Leave the pictures out and reproduce, exactly, the lines from the one with "可爱横版小新卡通漩涡手机壳防摔" through the end of the entries below.

Stored dataset items:
•••

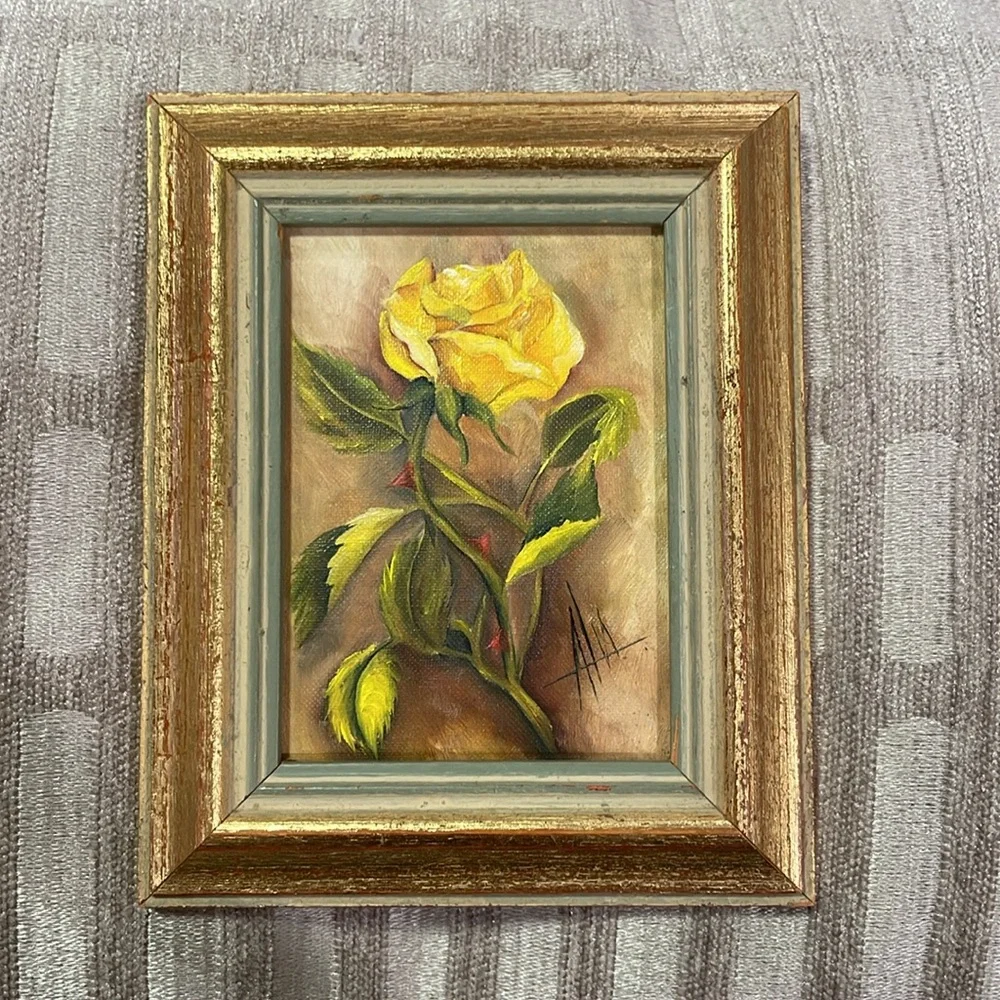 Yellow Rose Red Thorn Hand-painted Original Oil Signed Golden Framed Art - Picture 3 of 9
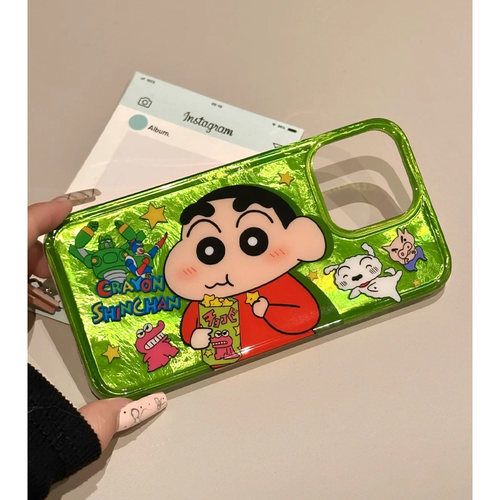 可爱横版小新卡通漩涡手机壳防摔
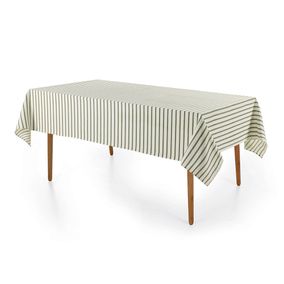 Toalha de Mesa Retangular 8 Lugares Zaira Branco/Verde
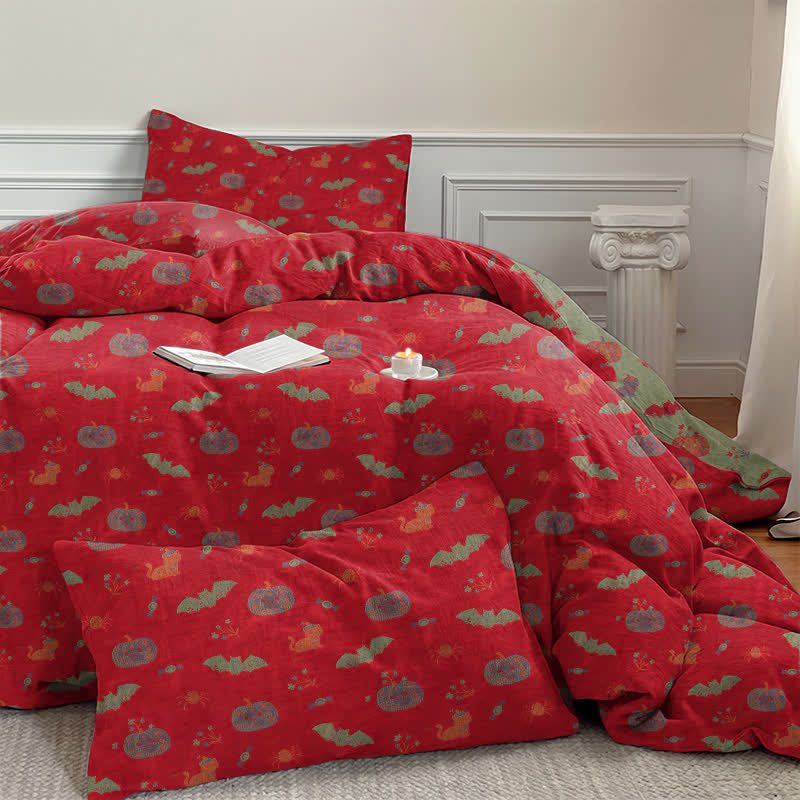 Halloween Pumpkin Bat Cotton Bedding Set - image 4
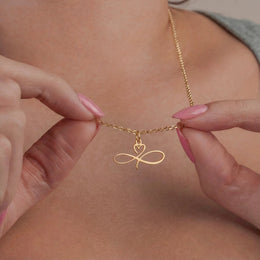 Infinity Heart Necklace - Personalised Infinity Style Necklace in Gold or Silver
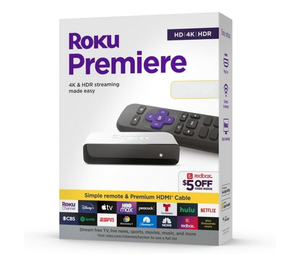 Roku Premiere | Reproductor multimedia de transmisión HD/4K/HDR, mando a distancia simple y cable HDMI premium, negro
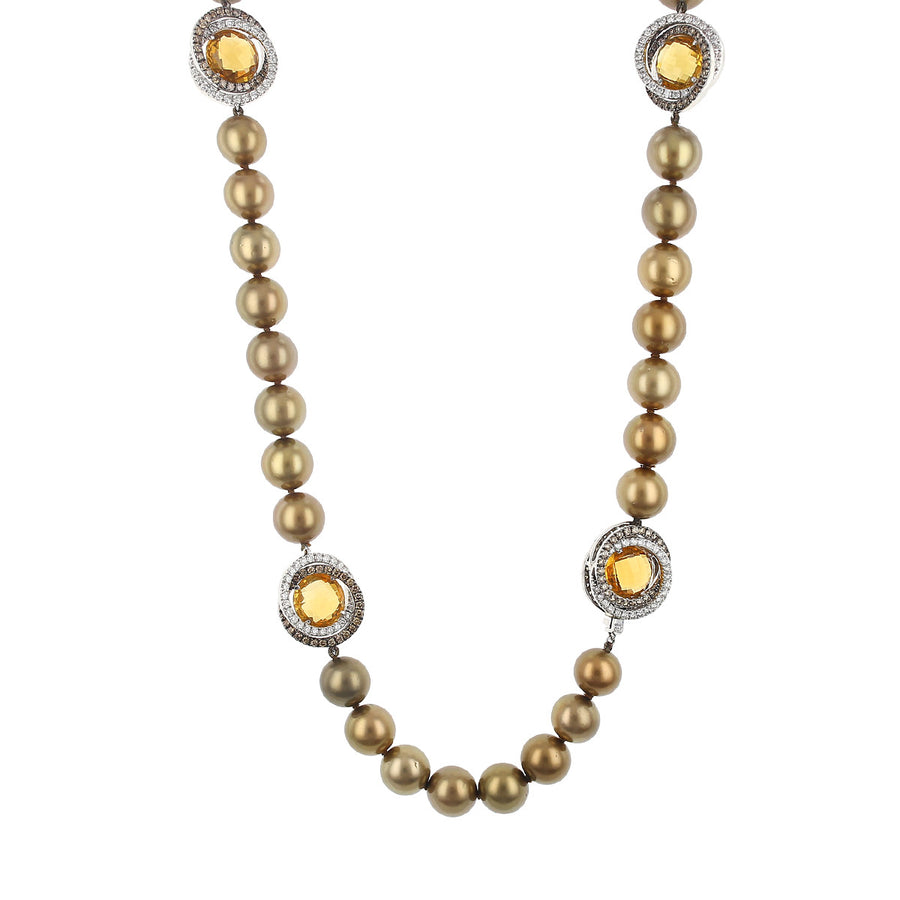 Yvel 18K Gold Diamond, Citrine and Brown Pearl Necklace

•••

• [TASK RESPONSE]
 可爱横版小新卡通漩涡手机壳防摔
 Toalha de Mesa Retangular 8 Lugares Zaira Branco/Verde
 Halloween Pumpkin Bat Cotton Bedding Set - image 4
 Infinity Heart Necklace - Personalised Infinity Style Necklace in Gold or Silver
 Roku Premiere | Reproductor multimedia de transmisión HD/4K/HDR, mando a distancia simple y cable HDMI premium, negro
 Yvel 18K Gold Diamond, Citrine and Brown Pearl Necklace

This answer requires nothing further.